Cette distinction n'a rien de théorique. Elle commande la garantie mobilisable, le délai pour agir et l'interlocuteur à qui s'adresser. Un désordre caché à la réception ouvre la décennale ; un défaut apparent que personne n'a réservé le jour de la réception ne l'ouvre pas, la jurisprudence considérant que le maître d'ouvrage l'a accepté en connaissance de cause. Le premier travail de l'expert consiste donc à situer chaque anomalie dans cette grille avant même de parler de réparation.

Les grandes familles de désordres et ce qu'elles révèlent

Sur le terrain, quatre familles reviennent dans la quasi-totalité des dossiers de contentieux des désordres.

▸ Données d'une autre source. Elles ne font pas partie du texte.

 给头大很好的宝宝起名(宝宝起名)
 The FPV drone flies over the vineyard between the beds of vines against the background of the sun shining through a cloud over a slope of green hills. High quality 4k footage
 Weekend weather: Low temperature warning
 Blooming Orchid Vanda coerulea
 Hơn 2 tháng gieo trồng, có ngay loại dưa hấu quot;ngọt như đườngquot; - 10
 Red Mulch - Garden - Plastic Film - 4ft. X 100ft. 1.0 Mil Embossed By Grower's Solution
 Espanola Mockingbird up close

Chacune renvoie à un stade précis de la phase de chantier, et c'est cette correspondance qui rend le diagnostic possible.

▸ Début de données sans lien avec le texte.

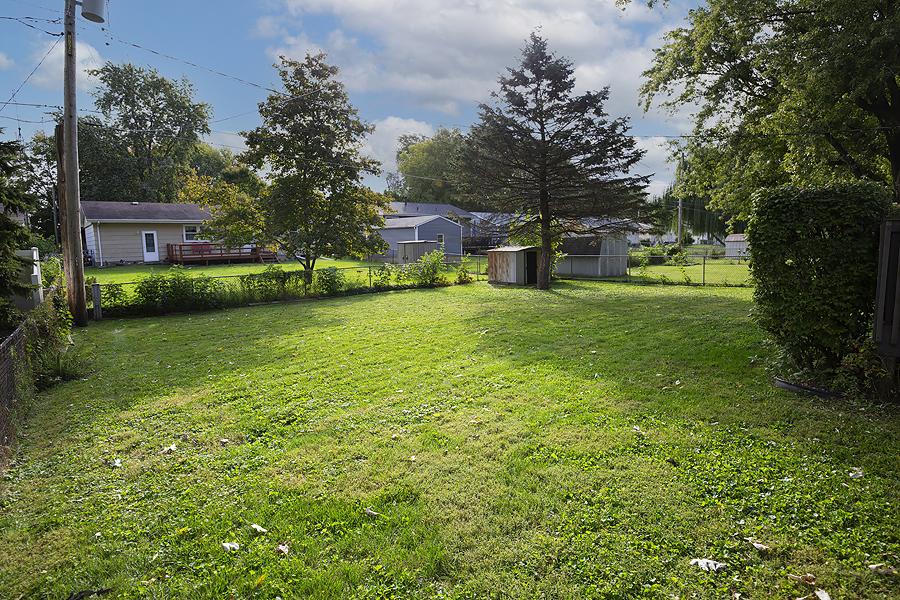 1313 Rutledge Road Bloomington, IL 61704 - Photo 22 of 29 a view of a big yard with plants and large trees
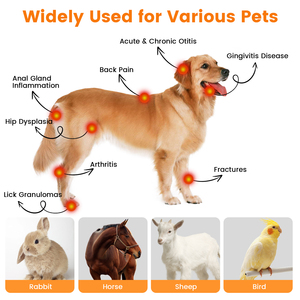 Mesin Laser Dingin untuk Anjing, Kucing, Kuda - Layar Sentuh, Dapat Disesuaikan, Pereda Nyeri & Garansi Seumur Hidup - Product Image 5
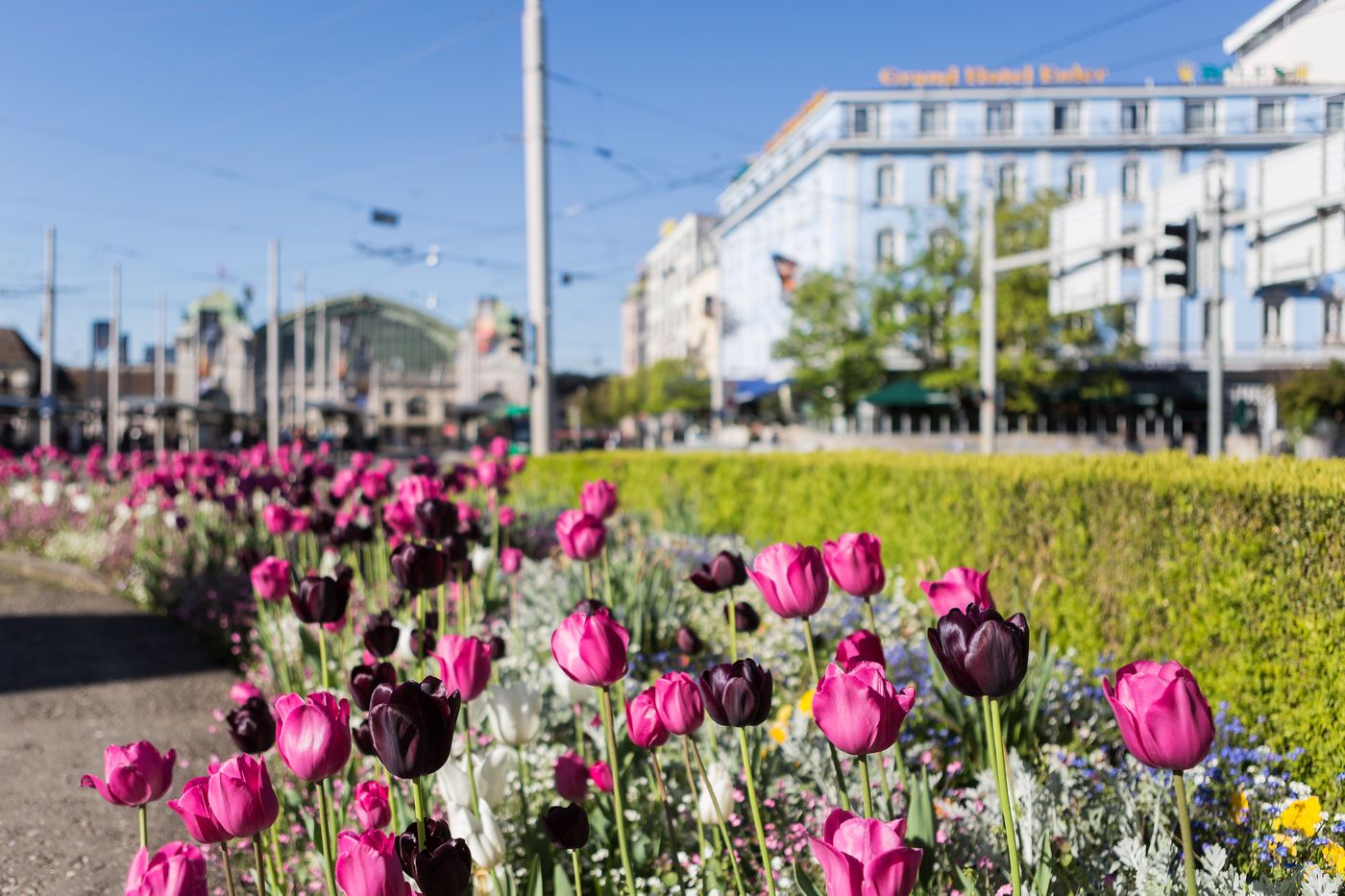 Hotel Euler Basel-Switzerland-BASEL-General view-3
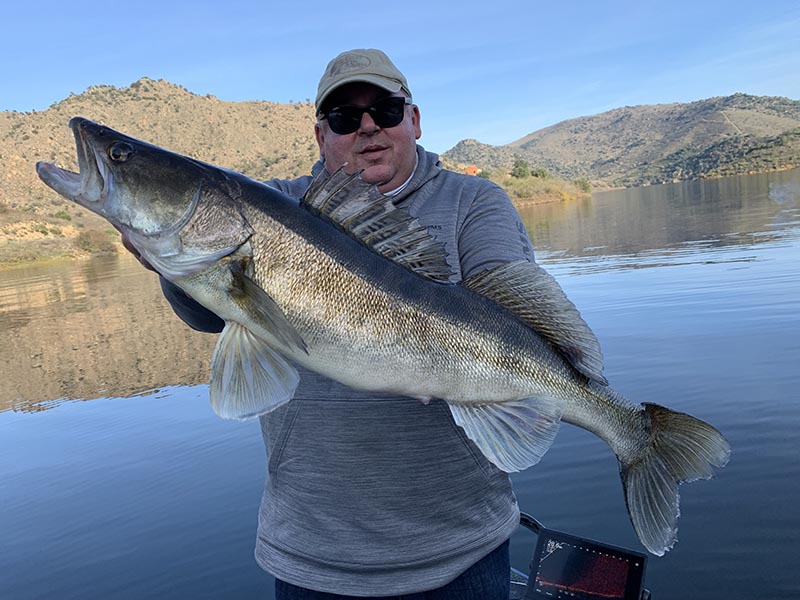 Pêcheur avec une belle sandre sur un lac au Portugal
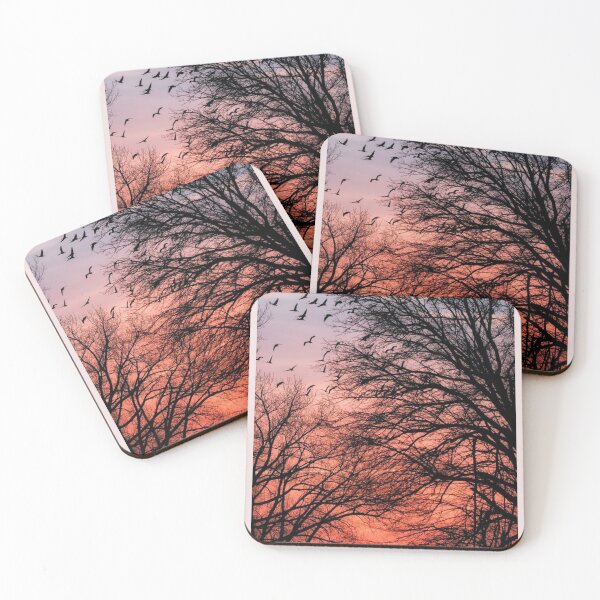 Item preview, Beautiful Tropical sunset Trees & Birds in Evening designed and sold by Haidary.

Fissures et mouvements de structure

Les experts classent couramment les fissurations selon leur ouverture : microfissure sous deux dixièmes de millimètre, fissure jusqu'à deux millimètres, lézarde au-delà. La mesure seule ne dit rien ; c'est l'évolution dans le temps, relevée par des témoins en plâtre ou des jauges, qui sépare un retrait de béton stabilisé d'un tassement en cours. Le retrait-gonflement des sols argileux figure aujourd'hui parmi les causes les plus fréquentes de fissuration des maisons individuelles, ce qui explique que l'étude géotechnique soit devenue obligatoire lors de la vente d'un terrain constructible situé en zone d'exposition moyenne ou forte.

Infiltrations et défauts d'étanchéité

L'eau entre rarement là où la trace apparaît. Une auréole en plafond de dernier étage peut venir d'un relevé d'étanchéité trop court en terrasse, d'un solin descellé, d'une remontée capillaire ou d'une condensation liée à un pont thermique. L'expert procède par élimination, avec des mesures d'humidité aux parois, des essais de mise en eau, une caméra thermique et parfois un colorant traceur. Distinguer une infiltration d'une humidité de condensation change tout, puisque la première engage le constructeur et la seconde renvoie souvent à la ventilation et à l'usage. C'est le type de désordre où l'investigation coûte plus cher que la reprise, et où l'engager quand même reste le bon calcul.

Confort thermique et acoustique

Isolation posée en discontinu, pare-vapeur percé, cloison séparative allégée pour gagner de la place : ces défauts ne mettent pas l'ouvrage en péril mais peuvent le rendre impropre à l'habitation lorsque l'inconfort devient permanent. La jurisprudence a admis à plusieurs reprises la garantie décennale sur ce fondement, ce qui déplace l'enjeu vers la mesure : niveau sonore relevé, coefficient de transmission calculé, écart au document technique du marché.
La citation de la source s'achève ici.